=== PROBLEM DETAILS ===
The data below is to be retyped exactly, line by line.

=== DATASET EXCERPT ===
######

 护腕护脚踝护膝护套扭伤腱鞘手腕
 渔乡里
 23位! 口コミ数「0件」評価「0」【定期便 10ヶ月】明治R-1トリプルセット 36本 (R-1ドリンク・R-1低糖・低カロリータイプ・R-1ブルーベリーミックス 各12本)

######

=== RESULT FOR THIS TASK ===
 护腕护脚踝护膝护套扭伤腱鞘手腕
 渔乡里
 23位! 口コミ数「0件」評価「0」【定期便 10ヶ月】明治R-1トリプルセット 36本 (R-1ドリンク・R-1低糖・低カロリータイプ・R-1ブルーベリーミックス 各12本)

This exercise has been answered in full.